This optimization reduces the number of bits per parameter from 16 to 8, reducing the disk size and GPU memory requirements by approximately 50%.
Only the weights and activations of the linear operators within transformers blocks are quantized. Symmetric per-tensor quantization is applied, in which a single linear scaling maps the FP8 representations of the quantized weights and activations.
[AutoFP8](https://github.com/neuralmagic/AutoFP8) is used for quantization with 512 sequences of UltraChat.
<!-- ## Deployment
### Use with vLLM
This model can be deployed efficiently using the [vLLM](https://docs.vllm.ai/en/latest/) backend, as shown in the example below.
```python
from vllm import LLM, SamplingParams
from transformers import AutoTokenizer
model_id = "neuralmagic/starcoder2-3b-FP8"
sampling_params = SamplingParams(temperature=0.6, top_p=0.9, max_tokens=256)
tokenizer = AutoTokenizer.from_pretrained(model_id)
messages = [
{"role": "system", "content": "You are a pirate chatbot who always responds in pirate speak!"},
{"role": "user", "content": "Who are you?"},
]
prompts = tokenizer.apply_chat_template(messages, tokenize=False, add_generation_prompt=True)
llm = LLM(model=model_id, trust_remote_code=True, max_model_len=4096)
outputs = llm.generate(prompts, sampling_params)
generated_text = outputs[0].outputs[0].text
print(generated_text)
```
vLLM aslo supports OpenAI-compatible serving.
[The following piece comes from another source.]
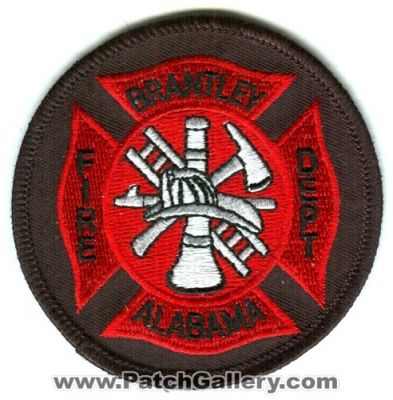 Brantley Fire Department (Alabama)
Scan By: PatchGallery.com
Keywords: dept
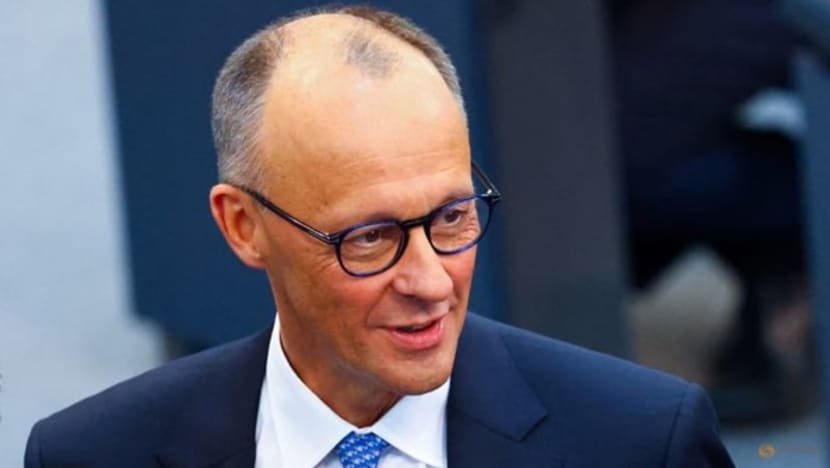 Setelah kalah pertama kali Merz terpilih kanselir Jerman dalam pungutan suara parlemen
See the [documentation](https://docs.vllm.ai/en/latest/) for more details. -->
## Creation
This model was created by applying [LLM Compressor with calibration samples from UltraChat](https://github.com/vllm-project/llm-compressor/blob/sa/big_model_support/examples/big_model_offloading/big_model_w8a8_calibrate.py), as presented in the code snipet below.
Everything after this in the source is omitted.